The AGCS report also delves into the impact that is having and may have the ongoing war in Ukraine specifying that the invasion of Ukrainian territory by the Troops of Russia will have further consequences on a global maritime industry that is already facing various shortcomings: Russian seafarers account for little more of 10% of the world's workforce of 1.89 million people, while about 4% come from Ukraine. At the end of the contract period this staff may have difficulties to return home or to reach the ships. A protracted conflict could have deeper consequences, potentially reshaping global trade in energy and other materials First. A broad embargo on Russian oil could contribute also to increase the cost of fuel and to have a impact on its availability, pushing shipowners to use alternative fuels. If these were of quality below standards, you could get to have in the future claims for compensation for machine failures. In addition under this scenario, security agencies continue to warn of an increased risk outlook informatics for the maritime sector such as GPS blocking, spoofing of the automatic identification system (AIS), problems with electronic communications and interference.

"The insurance sector - justus pointed out Heinrich, global product leader, Marine Hull, of AGCS - will see probably a number of claims in the field of war risk policies by ships damaged or lost as a result of sea mines, missile attacks and bombing in conflict zones. Insurers could also receive claims under policies marines with extension to the risk of war for ships and blocked cargoes or trapped in Ukrainian ports and coastal waters."

The AGCS report notes, in particular, how the series of Sanctions against Russian interests pose a challenge and how the violation of sanctions can give rise to severe repercussions, but also how their observance can represent a considerable burden being difficult, for example, determine the ultimate owner of a ship, cargo or counterpart. In addition, the sanctions also apply to various parties the transport supply chain, including banking and insurance, as well as maritime support services, which makes the compliance with sanctions even more complex.

The report then notes how the search for a haven port is often a problem for ships in distress, as happened to the X-Press Pearl which is sunk as a result of a fire after two ports have refused the ship shelter not being able or not wanting unload a load of nitric acid. In addition, the problem of search for a port of refuge and the timeliness of the Rescue interventions is aggravated by the need for have the necessary specialised recovery equipment, tugs, cranes, barges and port infrastructure, which adds time and cost to the response. The report recalls that the rescue of the bulk carrier Golden Ray, which in 2019 overturned outside the US port of Brunswick, required almost two years and a cost of more than 800 million dollars.
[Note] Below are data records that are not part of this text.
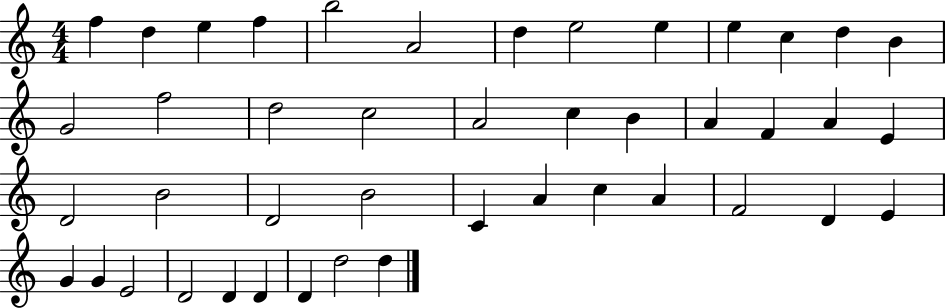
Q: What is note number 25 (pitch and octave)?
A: D4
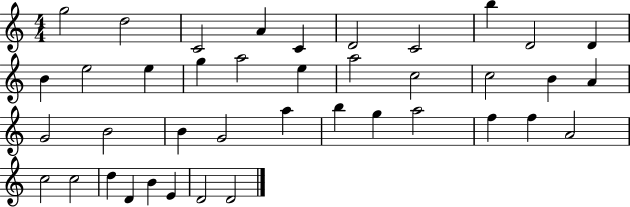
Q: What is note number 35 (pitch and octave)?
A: D5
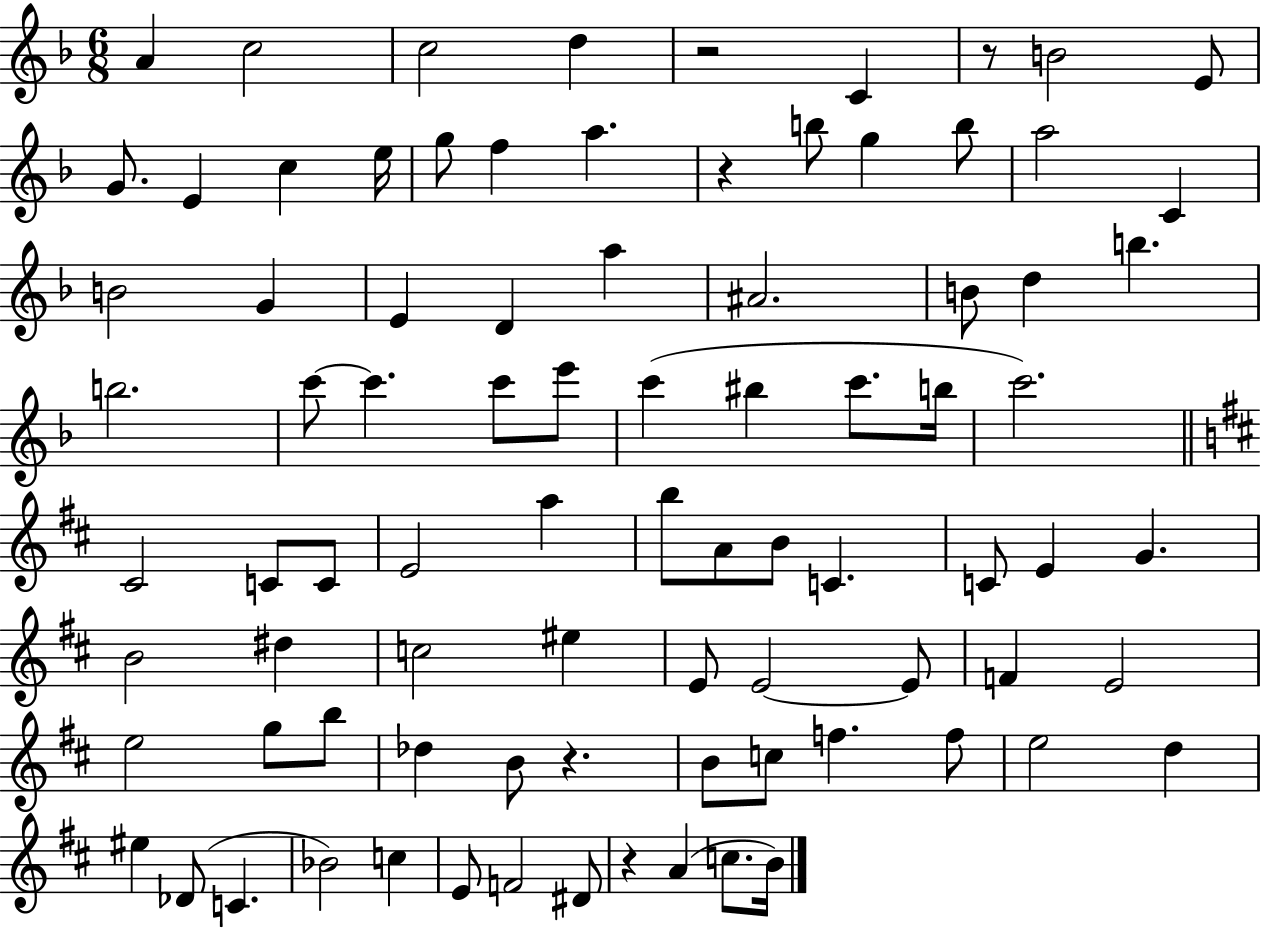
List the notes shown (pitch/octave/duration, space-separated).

A4/q C5/h C5/h D5/q R/h C4/q R/e B4/h E4/e G4/e. E4/q C5/q E5/s G5/e F5/q A5/q. R/q B5/e G5/q B5/e A5/h C4/q B4/h G4/q E4/q D4/q A5/q A#4/h. B4/e D5/q B5/q. B5/h. C6/e C6/q. C6/e E6/e C6/q BIS5/q C6/e. B5/s C6/h. C#4/h C4/e C4/e E4/h A5/q B5/e A4/e B4/e C4/q. C4/e E4/q G4/q. B4/h D#5/q C5/h EIS5/q E4/e E4/h E4/e F4/q E4/h E5/h G5/e B5/e Db5/q B4/e R/q. B4/e C5/e F5/q. F5/e E5/h D5/q EIS5/q Db4/e C4/q. Bb4/h C5/q E4/e F4/h D#4/e R/q A4/q C5/e. B4/s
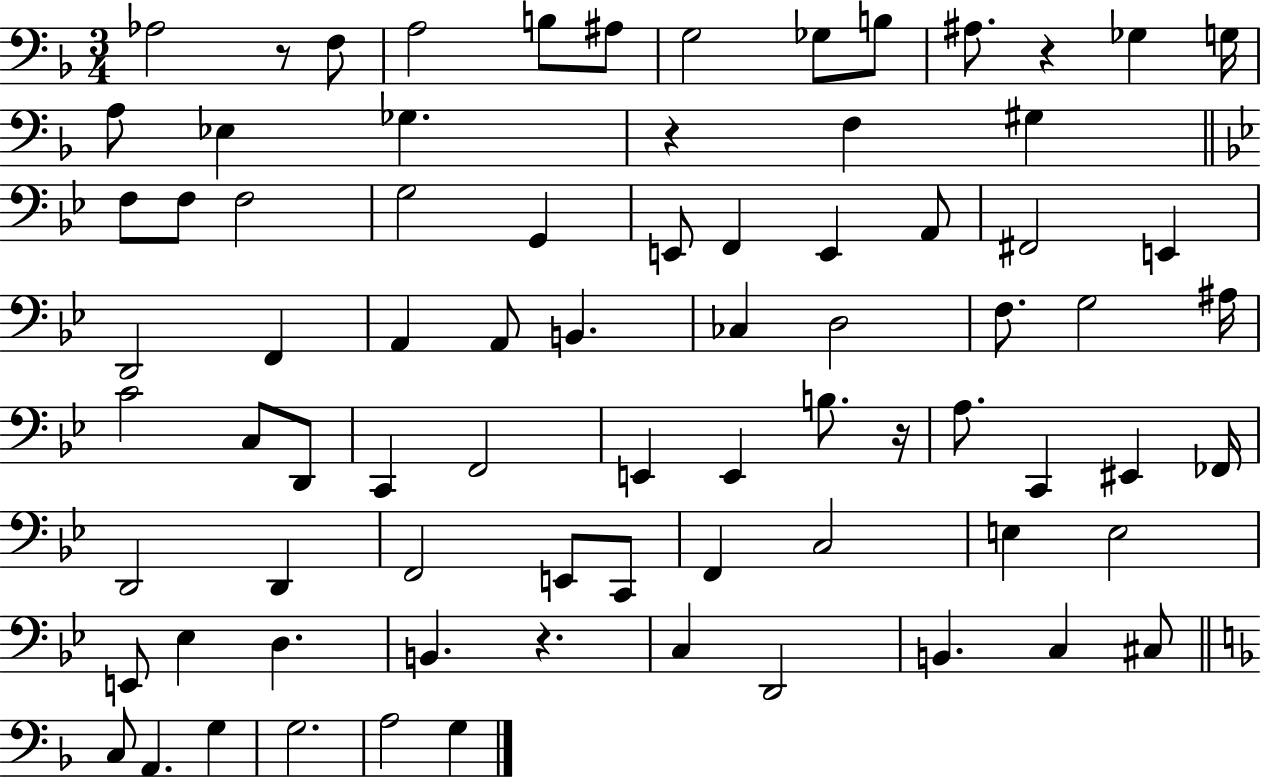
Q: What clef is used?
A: bass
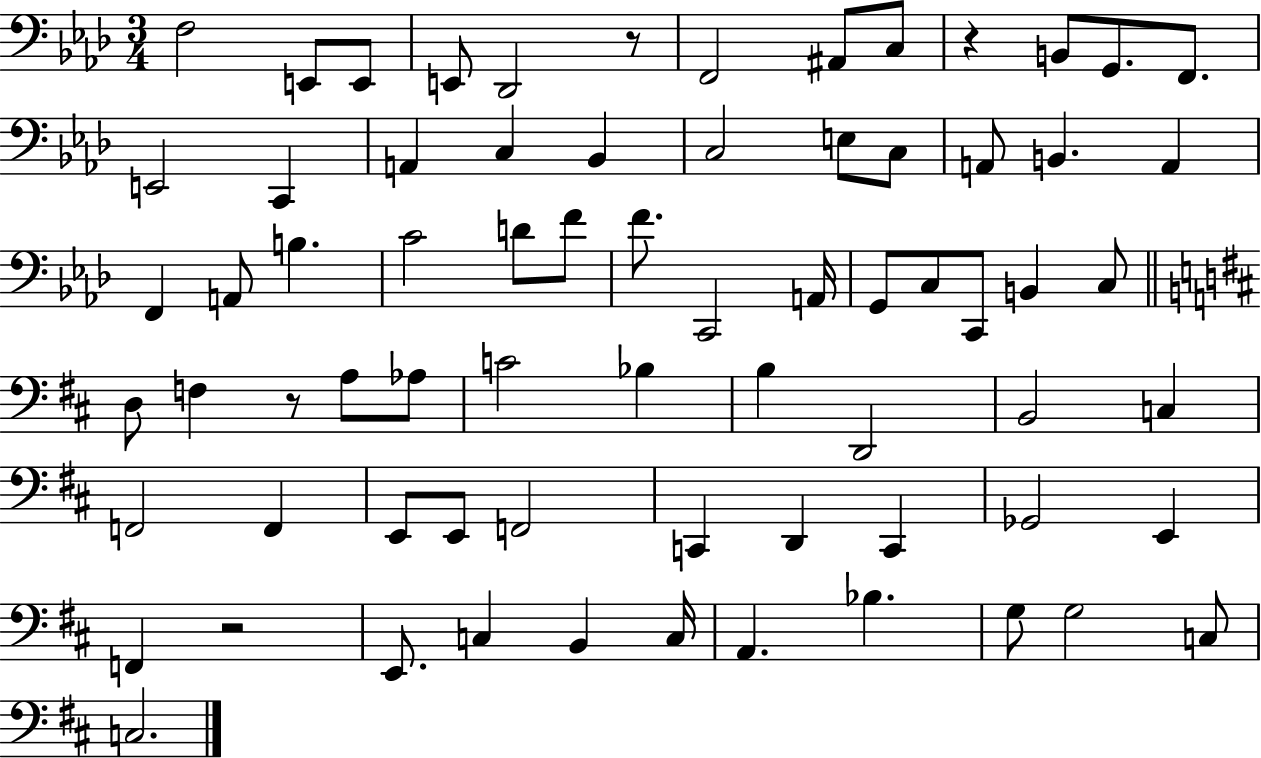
F3/h E2/e E2/e E2/e Db2/h R/e F2/h A#2/e C3/e R/q B2/e G2/e. F2/e. E2/h C2/q A2/q C3/q Bb2/q C3/h E3/e C3/e A2/e B2/q. A2/q F2/q A2/e B3/q. C4/h D4/e F4/e F4/e. C2/h A2/s G2/e C3/e C2/e B2/q C3/e D3/e F3/q R/e A3/e Ab3/e C4/h Bb3/q B3/q D2/h B2/h C3/q F2/h F2/q E2/e E2/e F2/h C2/q D2/q C2/q Gb2/h E2/q F2/q R/h E2/e. C3/q B2/q C3/s A2/q. Bb3/q. G3/e G3/h C3/e C3/h.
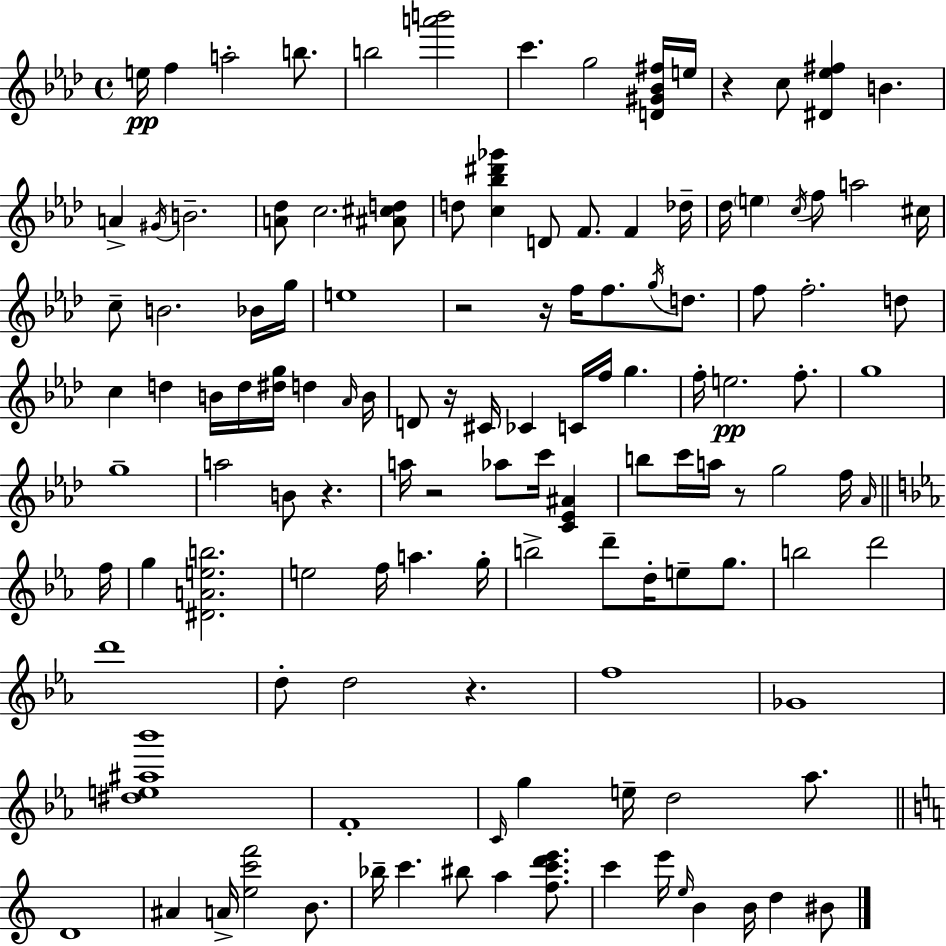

It so happens too often that what should be a Manageable naval accident turns into a total loss. Therefore the rescue has become a concern growing and, in addition, environmental issues are contributing to the increase in the costs of recovery and removal of wrecks given that - Khanna noted - "it is expected that the shipowners and insurers do more to protect the environment and local economies. Previously - he recalled - a wreck could be left on site if it did not represent a danger to navigation, while now the authorities they want the wrecks to be removed and the marine environment to be restored, regardless of the cost.' This translates into higher rescue expenses and in general more significant losses, costs that are increasingly supported by cargo owners and their insurers. To this In this regard, the report notes that the general failure, i.e. the legal process through which the owners of the cargo share proportionally the losses and cost of the bailout - explained Régis Broudin, Head of Marine Claims of AGCS - has become a frequent event, as well as relevant, with the growth in the number of large ships involved in fires, strandings and losses of containers at sea compared to five years ago. The document recalls that the general failure was declared in both incidents at the container ship Ever Given, which in March 2021 had blocked the Suez Canal, and at Ever Forward, the container ship that last March was held stranded in the United States and got stuck for more one month before being released.